O sofrimento causado pela Síndrome do Comportamento de Hospedagem modifica o foco energético dos investimentos psíquicos. Ou seja, ao invés das pessoas empregarem as energias e esforços no convívio, utilizam tais recursos na manutenção do isolamento. Soma-se a esta condição o desgaste ocasionado pelo conflito entre as polaridades (ausência vincular e a necessidade do elo afetivo), além dos resultados nefastos, colhidos após as discussões familiares. Há uma sensação de impotência e frustração perante os fatos, que ganham, cada vez mais, uma dimensão que sinaliza o triste fim da vida a dois.

Não raro, crê-se que a síndrome nasceu dentro do relacionamento. Todavia, ela, apenas, foi desencadeada durante o convívio. O seu portador não enxerga o problema já antigo, Brazelton (1988), Bee (1997), Bowlby (1990), Hoffman et al (1996), Winnicott (1993), Siqueira (2003), Adler (1937) e Maranata e Rezepka (1999). É possível comparar relações anteriores a atual e sentir que há algo semelhante nelas. Contudo, é insuficiente para entender e aceitar a síndrome e a sua demanda por tratamento. O jogo de culpa é apenas um instrumento para se defender, na tentativa de diminuir as péssimas sensações que ganham terreno no cotidiano. De nada adianta. Só aproxima o casal da separação.

Separar, por sua vez, traz de volta o estado de isolamento requerido pela síndrome. Porém, ao mesmo tempo, causa dor e sofrimento. O que se acreditou ser bom anteriormente enquanto manter uma gostosa e importante relação familiar transforma-se em um pesadelo aterrador com a ruim convivência e a separação.

Buscar ajuda especializada é o remédio para este mal. Crer numa solução de poucos recursos como o esperar o tempo como agente de mudanças é dar oportunidade para que se instale a piora da SCH. Uma boa avaliação psicológica pode dar novos rumos às vidas das pessoas que pretendem o convívio. Respeitando-se as individualidades e construindo relações afetivas, conforme Bowlby (1990), que sustentem os dissabores que a vida se encarrega de apresentar a todos, sem exceção.

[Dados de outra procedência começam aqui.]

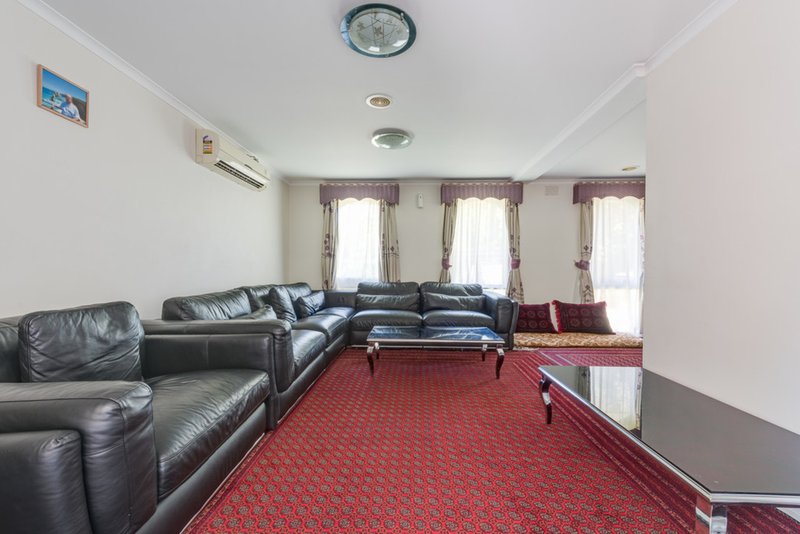 Photo - 1 Kilberry Crescent, Hallam VIC 3803 - Image 3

Dialogar, e, entenda-se bem, conversar com o coração aberto, oferece uma primeira abertura para se compreender a vida do casal. Dar o primeiro passo pode modificar aquilo que já era considerado algo inevitável, como a separação. Empreender esta tarefa não é simples. Requer coragem e vontade para mudar. Aceitar os problemas e lutar para transformar o prejudicial em saudável. Há uma necessidade de crescimento por parte das pessoas envolvidas. O grau de maturidade determinará o quanto se quer conviver bem. Ambas as partes devem estar dispostas e comprometidas em participar deste processo, apoiando-se.

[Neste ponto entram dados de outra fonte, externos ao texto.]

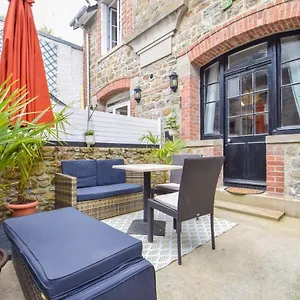 Hébergement de vacances Top Maison 4 Pers Avec Terrasse à 200m De La Plage De St-enogat, Dinard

É preciso administrar os problemas existentes dando lugar ao desenvolvimento qualitativo de vida. Isto se dá de dentro para fora. Leva tempo, entretanto, deve-se considerar que os resultados, conforme a vontade empregada no processo, trarão maior liberdade para viver, individualmente e de forma conjunta. A Síndrome do Comportamento de Hospedagem nos prende a circunstâncias de isolamento, contrariando e causando dor diante dos nossos desejos de vida familiar. Cuidar da questão, alterando o comportamento de hospedagem para o de comprometimento afetivo em conjunto permite existir a unidade fundamental das relações conjugais: a dependência equilibrada e necessária do vínculo. Vale a pena lutar com vontade, ajuda e conhecimento.